VDK Gent Dames
- Ground: Bourgoyen Mariakerke Belgium
- Chairman: Notte Kurt
- League: Liga A
- 2016–17: 6th
- Website: Club home page

Uniforms
| Home | Away |

= VDK Gent Dames =

Belgian volleyball club

VDK Gent Damesvolleybalteam is a volleyball team from Ghent, Belgium.
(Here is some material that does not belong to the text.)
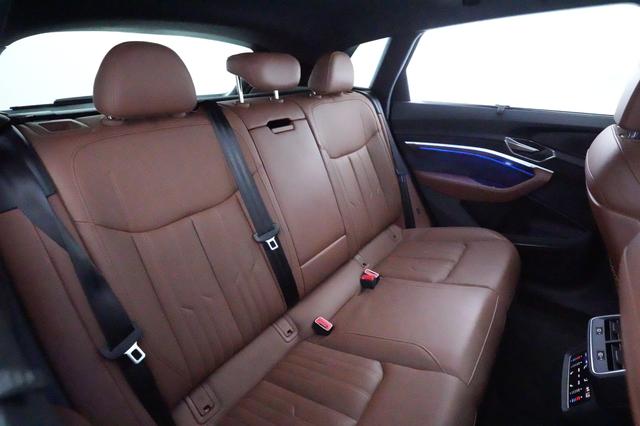 2021 Audi e-tron — photo 4 of 26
VDK Gent-Heusden was founded in 1990, after a merger between VDK Wondelgem, Nova Smash Sint-Amandsberg and VBK Heusden. The new club had men's and women's teams. In 1993, White Star Sint-Amandsberg and VOM Gentbrugge joined, and the name of the club was shortened to VDK Gent. The activities of Gent were split up in 1997. The women's teams became active under VDK Gent Damesvolleybalteam, the men's compartiment was named VDK Gent Herenvolleyteam.

The women's A squad currently plays in Liga A. They achieved promotion to the highest level for the first time in their history in 1995. It has won the Liga A, the Belgium Cup and the Supercup.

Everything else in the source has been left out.